Even as REI tries to move past last week’s surprise resignation of CEO Jerry Stritzke, new questions have surfaced in the outdoor industry after the subsequent departure of a woman who led a nonprofit that received $1.4 million from REI’s philanthropic wing.
On Feb. 12, the Kent-based outdoor equipment retailer announced that Stritzke, 58, would step down after failing to disclose a “personal and consensual relationship” with the head of “another organization in the outdoor industry,” which REI declined to identify.
Although an investigation by the member-owned cooperative uncovered no financial misconduct by Stritzke, REI officials said, his failure to disclose the relationship violated company guidelines and “led to a perceived conflict of interest” for the retailer, which has long cultivated an image of transparency and ethical behavior.
Days later the trade publication SNEWS reported the resignation of another outdoor industry leader — Deanne Buck, CEO of Camber Outdoors. The Boulder, Colo.-based nonprofit promotes diversity in outdoor recreation and has received $1.4 million from the nonprofit REI Foundation.
The SNEWS report prompted other media reports and revived the issue of Stritzke’s resignation in the outdoor industry.
REI would not comment about Buck or Camber Outdoors. Camber Outdoors also declined to respond to an email query from The Seattle Times.
During an interview last week with SNEWS, Buck deflected a question about whether she had a relationship with Stritzke, saying that “any question about REI and Jerry’s personal relationship or personal life should be directed to REI.”
Jerry and Edith Stritzke filed for divorce in January of 2017.
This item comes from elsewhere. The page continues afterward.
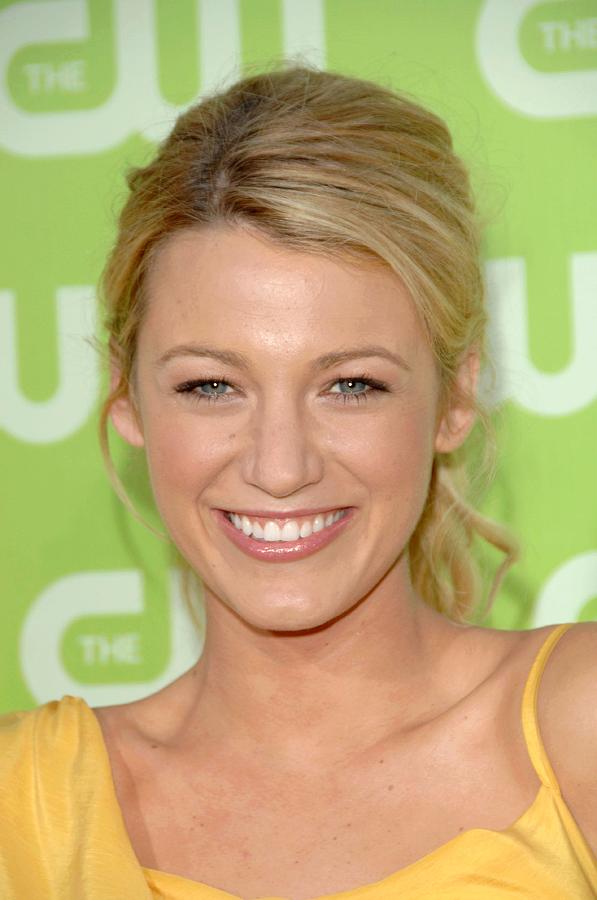Blake Lively Photograph - Blake Lively At Arrivals For The Cw by Everett Blake Lively Photograph - Blake Lively At Arrivals For The Cw by Everett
Buck also told SNEWS that her departure from Camber Outdoors had been in works since last June, but had been accelerated following a controversy over remarks she made in January, when she suggested that one of Camber’s diversity initiatives was “the first of its kind.” Buck and Camber Outdoors have since apologized and acknowledged that similar initiatives were launched much earlier by other groups and individuals.
But the timing of Buck’s resignation, just three days after Stritzke’s, and the philanthropic connection between the two organizations, prompted speculation that Buck was the other party in the relationship.
REI works with many outdoor and environmental nonprofits, which it often supports through generous grants — nearly $100 million since 1976. In 2018 alone, REI gave $8.8 million, according to the company.
Some of that philanthropy is managed by the REI Foundation, a separate nonprofit whose board includes the company CEO, said REI spokeswoman Halley Knigge.
In January of 2015, Stritzke signed a $1.5 million “pledge” intended to help Camber Outdoors transform itself “from a networking association for women into an organization focused on tackling bigger questions of gender equity in the outdoor industry,” said Knigge. To date, $1.4 million of that pledge has been fulfilled, Knigge said.
REI officials declined to say how involved Stritzke had been in the decision to offer the funds to Camber Outdoors.
Similarly, neither Knigge nor Steve Hooper, REI board chair, would comment on whether the pledge was connected to the investigation into Stritzke’s relationship or to his subsequent resignation.
In a brief telephone interview Wednesday, Hooper reiterated that the sole issue for REI was Stritzke’s failure to disclose the relationship — “The perceived conflict of interest that was not disclosed according to the [company’s] policy, and the fact that all employees at REI are held to the same standard, but executives and leaders in an organization must exhibit the highest standard of conduct.” Hooper also repeated earlier comments about the board’s satisfaction with Stritzke’s performance as CEO.
Knigge said REI has no plans to review or change its grant-making processes, and added that Camber Outdoors would be receiving the final $100,000 of the REI Foundation grant.